Just then, there’s a splash on the surface. There’s some energy beyond her own strength that propels her arms to push forward in its direction, just a little bit closer. She takes a stroke, then another. Another stroke, and yet again another. The screams of young trolls fill the air as the rez haze plays off against the coming dawn. She’s running out of time. She takes another push forward. 

She needs this, more than she needs air.

How their first fight played out in the end is of no pertinence. The timeline always syncs up the same way. She fights, he taunts, he escapes somehow. She fights, he taunts, she loses. Which is, to Vriska’s understanding, absolutely bananas, because Vriska Serket doesn’t lose. Ever. But somehow, this air, this _luck_ , because it’s always luck with this kid, that clings to Komeda’s skin like a putrid perfume, always protects him. This luck, the luck Vriska’s spent her entire life clawing and scratching to grasp hold of, that’s only just started to tip towards her own favor, comes so effortlessly to him that “cheating” is the only word that pays it justice. What else could she call something so senseless, so unfair? And he has the nerve to call her potential wasted? And he has the _audacity_ to, to…

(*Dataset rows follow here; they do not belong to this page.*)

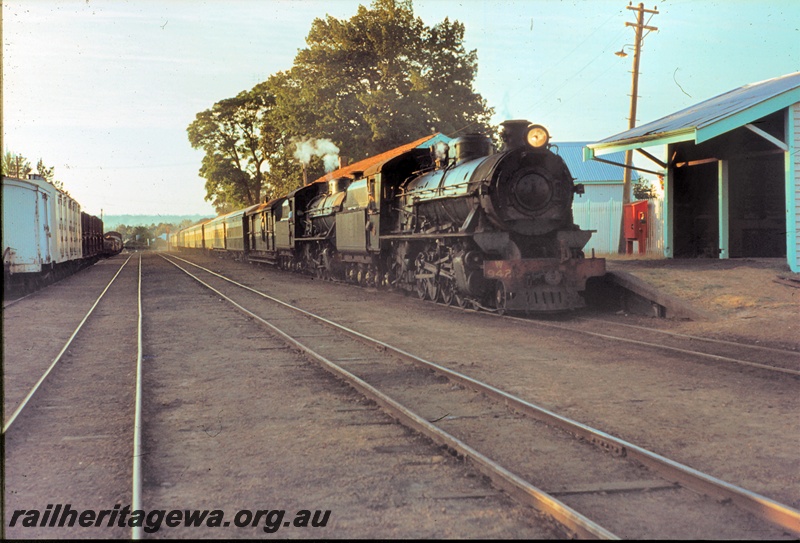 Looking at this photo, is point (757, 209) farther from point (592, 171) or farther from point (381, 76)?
point (381, 76)

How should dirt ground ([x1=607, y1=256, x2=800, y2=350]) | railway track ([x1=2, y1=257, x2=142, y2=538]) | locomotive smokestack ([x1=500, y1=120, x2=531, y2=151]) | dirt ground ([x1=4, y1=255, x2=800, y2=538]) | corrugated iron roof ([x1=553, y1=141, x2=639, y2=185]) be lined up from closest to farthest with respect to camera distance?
dirt ground ([x1=4, y1=255, x2=800, y2=538]) < railway track ([x1=2, y1=257, x2=142, y2=538]) < dirt ground ([x1=607, y1=256, x2=800, y2=350]) < locomotive smokestack ([x1=500, y1=120, x2=531, y2=151]) < corrugated iron roof ([x1=553, y1=141, x2=639, y2=185])

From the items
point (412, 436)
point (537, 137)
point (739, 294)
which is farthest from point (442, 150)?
point (412, 436)

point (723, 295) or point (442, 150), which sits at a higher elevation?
point (442, 150)

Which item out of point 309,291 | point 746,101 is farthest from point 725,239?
point 309,291

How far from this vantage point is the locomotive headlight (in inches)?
485

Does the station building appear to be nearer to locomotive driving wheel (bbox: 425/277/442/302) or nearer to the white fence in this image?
locomotive driving wheel (bbox: 425/277/442/302)

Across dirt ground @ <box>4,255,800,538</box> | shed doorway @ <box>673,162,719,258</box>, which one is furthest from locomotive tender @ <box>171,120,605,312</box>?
shed doorway @ <box>673,162,719,258</box>

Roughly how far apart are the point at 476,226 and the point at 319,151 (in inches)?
1274

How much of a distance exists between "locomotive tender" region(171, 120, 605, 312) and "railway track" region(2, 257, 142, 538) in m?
5.88

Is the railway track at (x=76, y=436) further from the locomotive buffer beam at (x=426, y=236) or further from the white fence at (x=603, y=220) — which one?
the white fence at (x=603, y=220)

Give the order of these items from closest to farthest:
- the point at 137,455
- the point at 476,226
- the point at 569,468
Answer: the point at 569,468
the point at 137,455
the point at 476,226

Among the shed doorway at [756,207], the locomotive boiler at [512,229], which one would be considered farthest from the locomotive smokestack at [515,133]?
the shed doorway at [756,207]

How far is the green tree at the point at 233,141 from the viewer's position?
57219mm

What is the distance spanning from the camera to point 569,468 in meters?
4.22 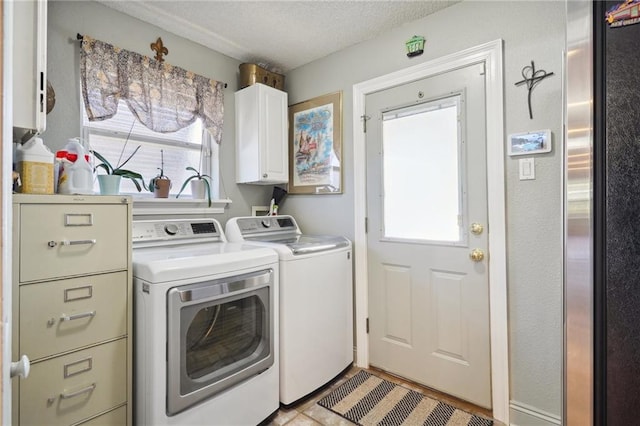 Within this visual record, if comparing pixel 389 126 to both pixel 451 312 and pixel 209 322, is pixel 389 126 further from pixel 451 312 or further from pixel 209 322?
pixel 209 322

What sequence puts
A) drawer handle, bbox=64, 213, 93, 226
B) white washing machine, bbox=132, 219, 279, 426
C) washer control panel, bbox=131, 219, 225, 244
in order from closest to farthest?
drawer handle, bbox=64, 213, 93, 226, white washing machine, bbox=132, 219, 279, 426, washer control panel, bbox=131, 219, 225, 244

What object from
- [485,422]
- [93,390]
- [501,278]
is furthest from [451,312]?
[93,390]

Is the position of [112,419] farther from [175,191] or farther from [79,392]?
[175,191]

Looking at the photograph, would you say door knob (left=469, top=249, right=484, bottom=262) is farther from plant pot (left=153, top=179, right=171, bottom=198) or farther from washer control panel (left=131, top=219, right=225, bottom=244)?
plant pot (left=153, top=179, right=171, bottom=198)

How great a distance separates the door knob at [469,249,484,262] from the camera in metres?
1.85

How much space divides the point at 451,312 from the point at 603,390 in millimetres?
1231

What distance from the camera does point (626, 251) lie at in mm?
754

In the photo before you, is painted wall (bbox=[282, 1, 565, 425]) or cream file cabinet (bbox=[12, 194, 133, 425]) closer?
cream file cabinet (bbox=[12, 194, 133, 425])

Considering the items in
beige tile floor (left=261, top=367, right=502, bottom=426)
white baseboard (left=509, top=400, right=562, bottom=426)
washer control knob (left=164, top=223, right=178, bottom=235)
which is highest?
washer control knob (left=164, top=223, right=178, bottom=235)

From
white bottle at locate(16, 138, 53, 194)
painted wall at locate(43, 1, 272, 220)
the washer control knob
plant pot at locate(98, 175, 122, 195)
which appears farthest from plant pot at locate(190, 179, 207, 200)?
white bottle at locate(16, 138, 53, 194)

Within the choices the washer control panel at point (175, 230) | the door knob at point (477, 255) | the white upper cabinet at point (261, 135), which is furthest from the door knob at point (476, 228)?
the washer control panel at point (175, 230)

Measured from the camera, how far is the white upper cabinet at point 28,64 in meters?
1.16

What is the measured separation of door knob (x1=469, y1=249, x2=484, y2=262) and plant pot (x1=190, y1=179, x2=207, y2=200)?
1965 millimetres

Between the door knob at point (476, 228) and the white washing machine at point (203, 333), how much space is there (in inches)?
47.1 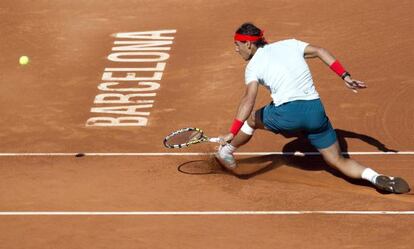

She doesn’t know how far or for how long she’s been swimming for, or even in what direction. After some point she loses herself in the waves, staying afloat perhaps by pure fortune alone. When she finally washes up on the sands of some unknown distant shore, she’s so disoriented she can’t be bothered to know where she is. 

She sees him first- a weak, lithe, grayish whitish greenish figure in tattered rags, limp on the beach. Her breathing is hoarse, she soon realizes. There’s some gag about horses that could be made here, but by the time far in the future it would become relevant to her own life, this will be a memory she has long blotted out of her mind. Which is not to say that the next few moments won’t leave an irrevocable stain of their own on her psyche.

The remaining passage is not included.